(Recorded data)
:::
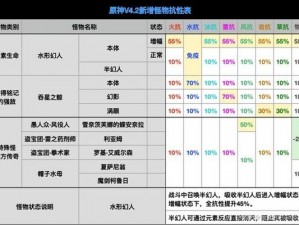 噬神者2全新怪物属性概览及破坏部位深度解析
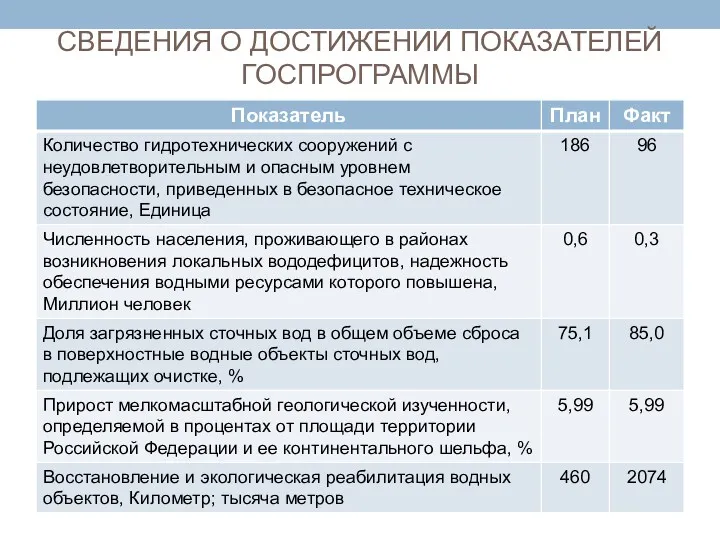 СВЕДЕНИЯ О ДОСТИЖЕНИИ ПОКАЗАТЕЛЕЙ ГОСПРОГРАММЫ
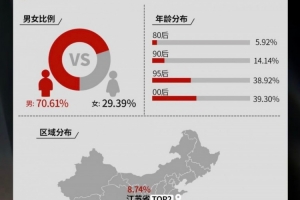 英雄聯(lián)盟S15微數(shù)據(jù)：觀賽男性占比70.61%，00后比例最多達(dá)39.30%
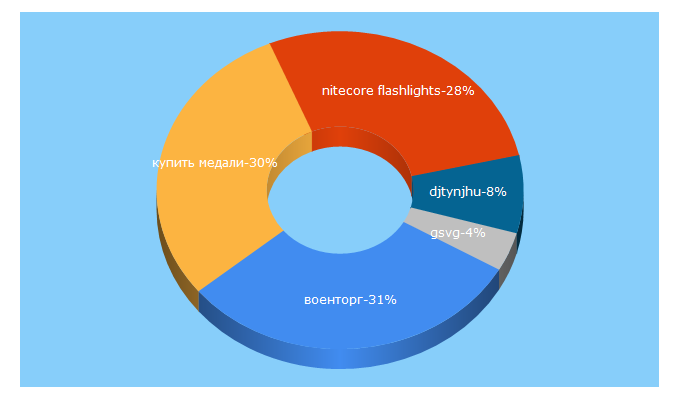 Top 5 Keywords send traffic to voenmag.ru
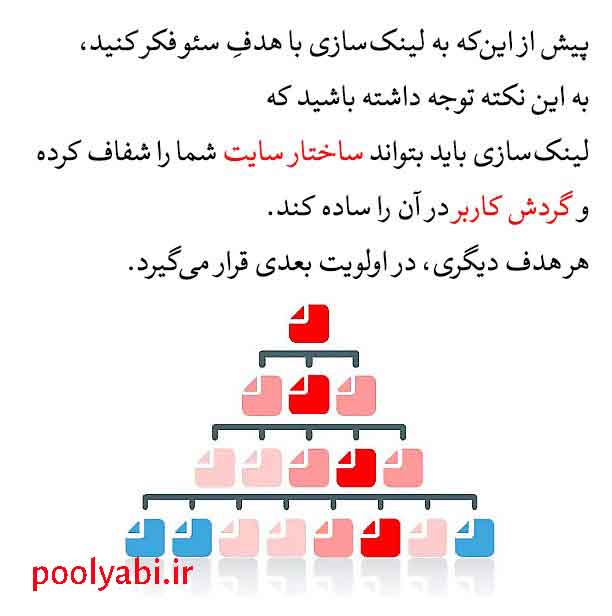 آموزش اصول لینک سازی داخلی و خارجی برای سایت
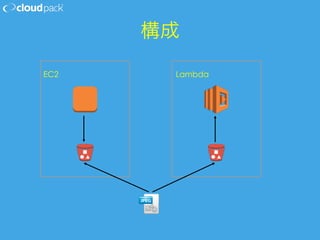 構成
EC2 Lambda
 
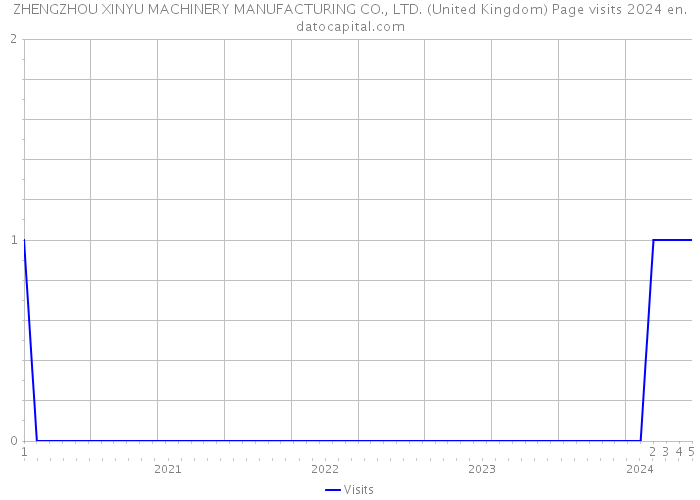 ZHENGZHOU XINYU MACHINERY MANUFACTURING CO., LTD. (United Kingdom) Page visits 2024 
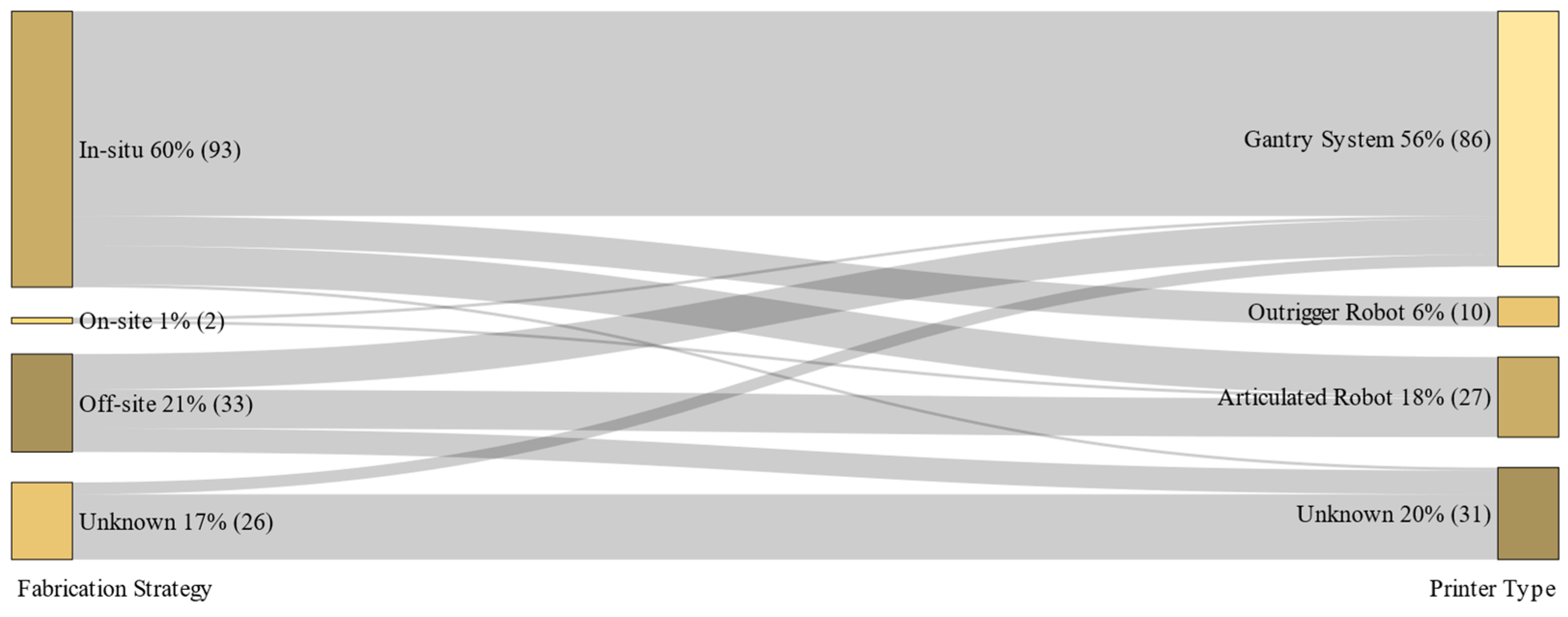 Buildings 14 03410 g014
:::
Repeat, exactly and only, the lines from the one containing "آموزش اصول لینک سازی داخلی و خارجی برای سایت" through the final line of the data, both ends included, leaving out any picture.

 آموزش اصول لینک سازی داخلی و خارجی برای سایت
 構成
EC2 Lambda
 
 ZHENGZHOU XINYU MACHINERY MANUFACTURING CO., LTD. (United Kingdom) Page visits 2024 
 Buildings 14 03410 g014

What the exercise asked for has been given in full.